- _Instructions to follow_: All of the data below must be reproduced word for word, but without its images.

- _Data segment_:
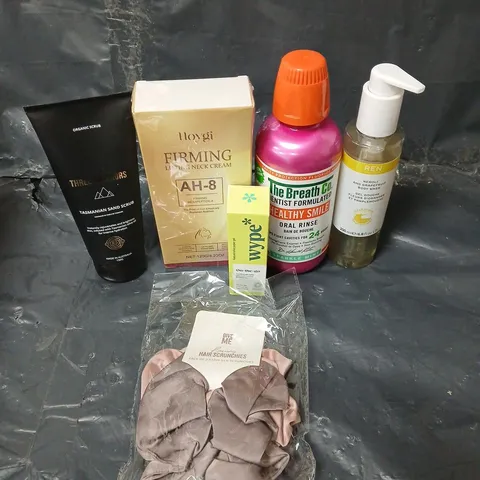 APPROXIMATEY 20 ASSORTED HEALTH AND BEAUTY PRODUCTS TO INCLUDE HOYGI FIRMING CREAM, HAIR SCRUNCHIES AND REN BODY WASH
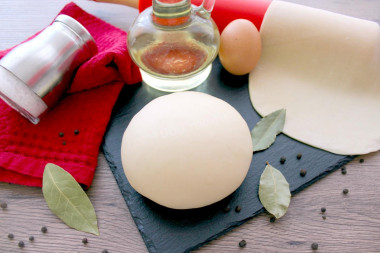 Custard dough for dumplings and dumplings with egg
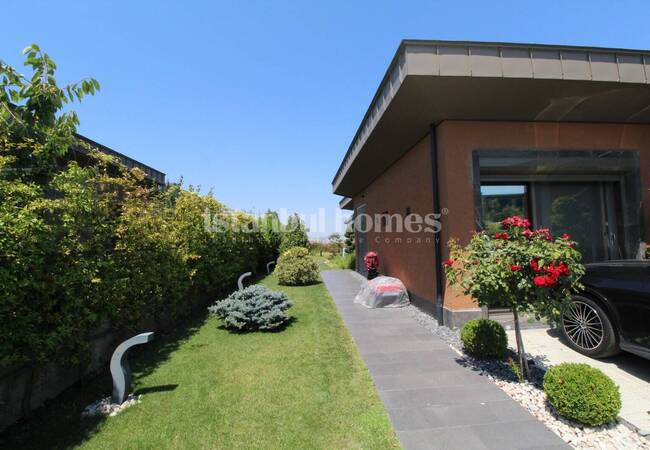 Büyükçekmece'de Göle Yakın Geniş Bahçeli 4+1 Müstakil Villa 6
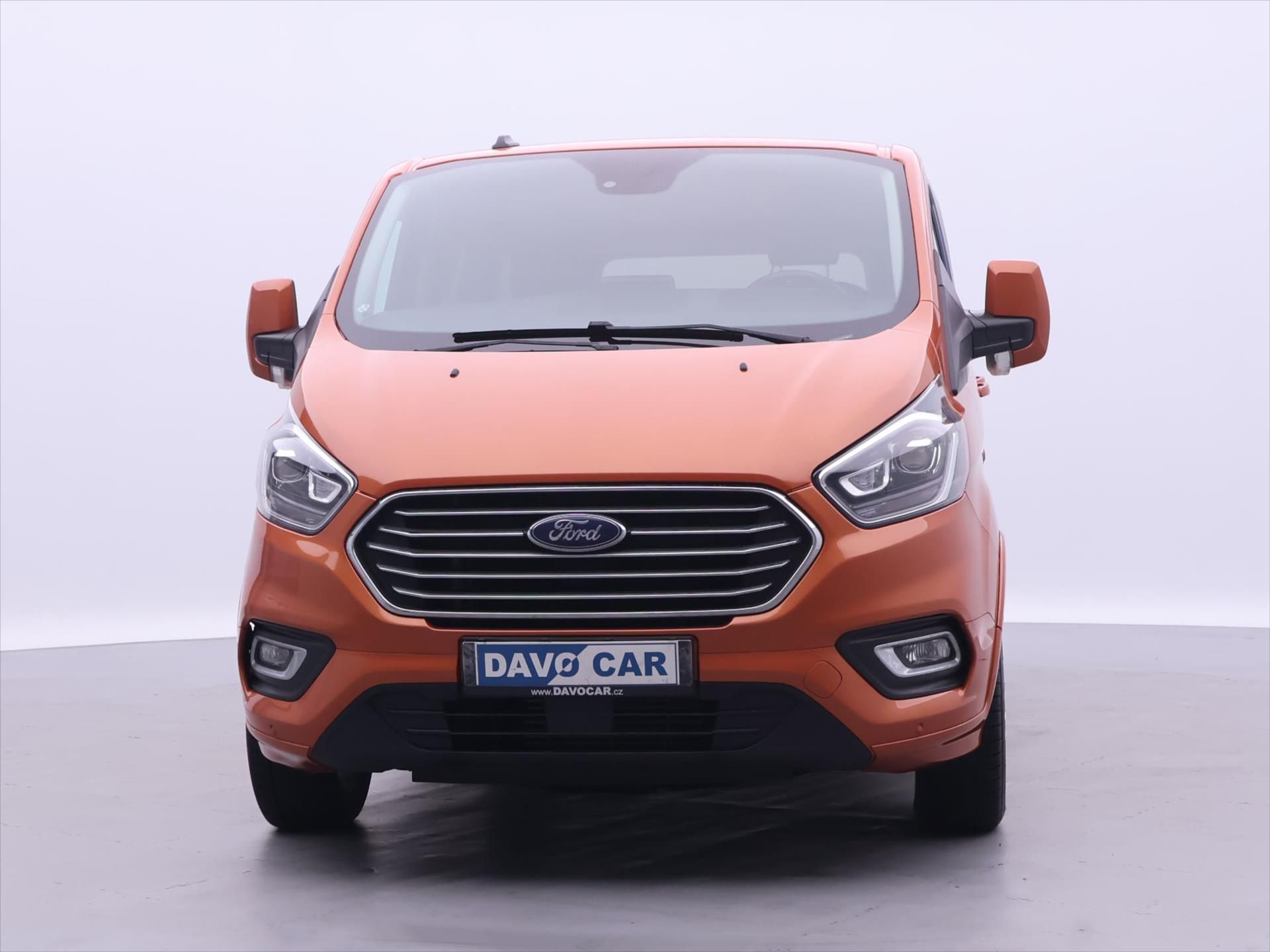 Ford Tourneo Custom, 2,0 EcoBlue 136kW L2 Titanium - fotka 2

- _Solution for this exercise_:
 APPROXIMATEY 20 ASSORTED HEALTH AND BEAUTY PRODUCTS TO INCLUDE HOYGI FIRMING CREAM, HAIR SCRUNCHIES AND REN BODY WASH
 Custard dough for dumplings and dumplings with egg
 Büyükçekmece'de Göle Yakın Geniş Bahçeli 4+1 Müstakil Villa 6
 Ford Tourneo Custom, 2,0 EcoBlue 136kW L2 Titanium - fotka 2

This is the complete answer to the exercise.